Em Machado de Assis (1897), livro sobre a obra do escritor fluminense, Sílvio Romero polemiza, entre outros, com o famoso artigo A Nova Geração (1879), no qual Machado crítica a geração que bebeu nas fontes cientificistas e de sua reação exagerada ao romantismo. Segundo Romero, como escreve no prefácio, o livro pretendia colocar Machado de Assis em seu “devido lugar” (Romero, 1897: XV), segundo suas palavras lugar que deveria ser ocupado pelos mais “dignos”, mais “inteligentes”, mais “fortes”, mais “destros”, mais “preparados”, mais “ativos nas pugnas do pensamento” (Ibidem: XVIII).
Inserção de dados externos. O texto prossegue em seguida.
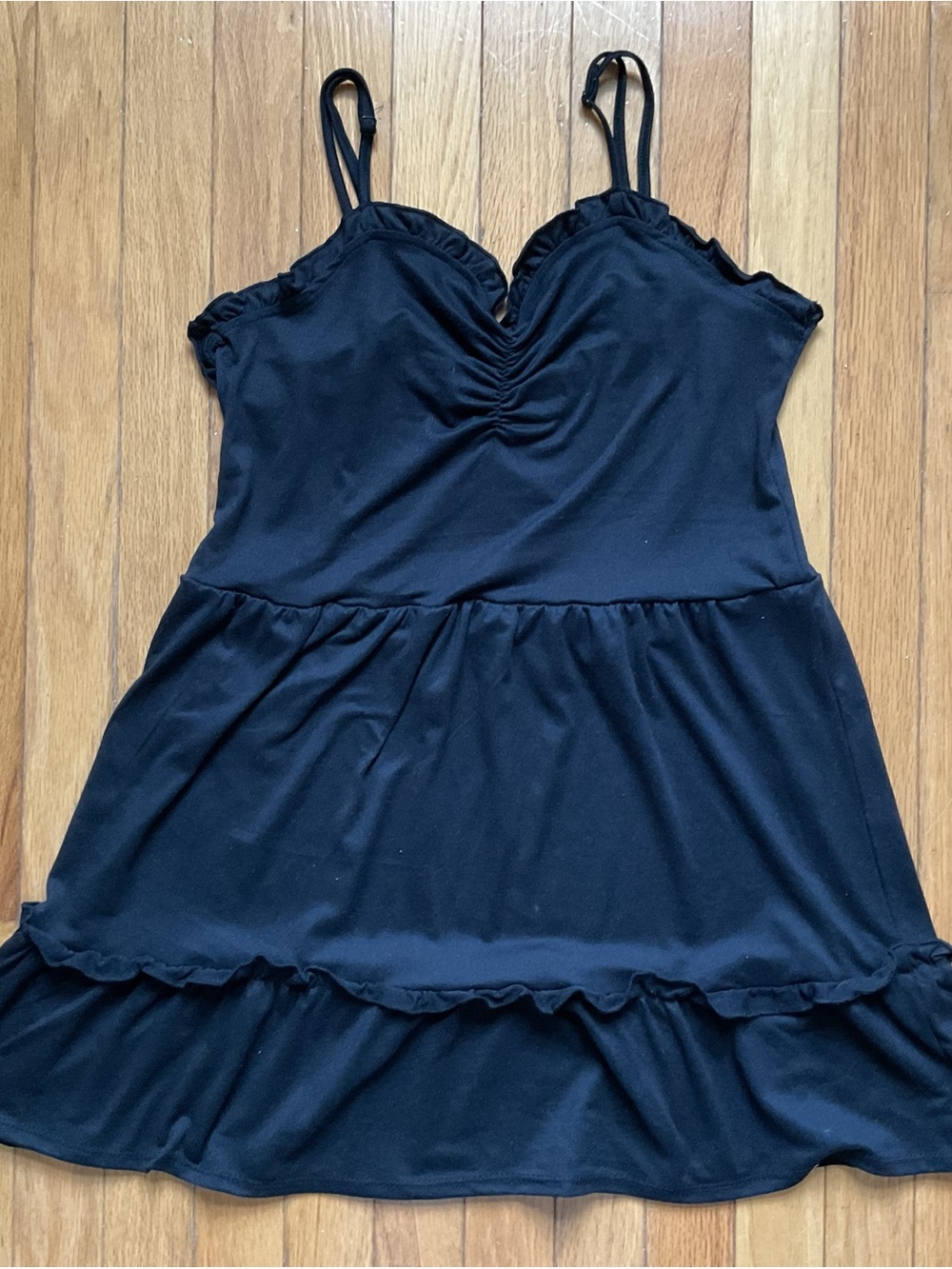 Black Ruffle Hem Midi Skirt with Adjustable Straps Size L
De forma complementar, o livro também é caracterizado pela defesa de Tobias Barreto, igualmente mestiço, dentro de um esforço de mostrar o quão inadequada em relação a “índole nacional” se apresentava a obra de Machado de Assis. Em relação ao estilo do autor de Memórias Póstumas de Brás Cubas em comparação à Tobias Barreto, Sílvio Romero novamente lança mão de seu “critério etnográfico”, como fica claro no trecho abaixo reproduzido: Era, demais disso, e nesse ponto não estava só, era demais disso um mestiçado, o que eqüivale a afirmar que era o resultado de tendências oppostas, que quasi sempre se atropellam e muitas vezes se aniquillam, estado psychologico quasi sempre aggravado nas Índoles estheticas e progressivas, como a delle, por essa moléstia da côr, esse mal não definido ainda, que ainda não tem nome, e deve ser uma espécie de nostalgia da alvura, envolta em certa dose de despeito contra os que gozam da superioridade da branquidade.1 Todas estas condições juntas são capazes de fazer nascer certa classe de humour, a espécie de humour compatível com as nossas raças ibero-africoamericanas. Tobias as possuía todas, e Machado de Assis apenas algumas; um era, quasi se pôde dizer, um tumulto organisado ; o outro, por índole, é manso e tranquillo, como o mais pacato burguez. (Romero, 1897: 164)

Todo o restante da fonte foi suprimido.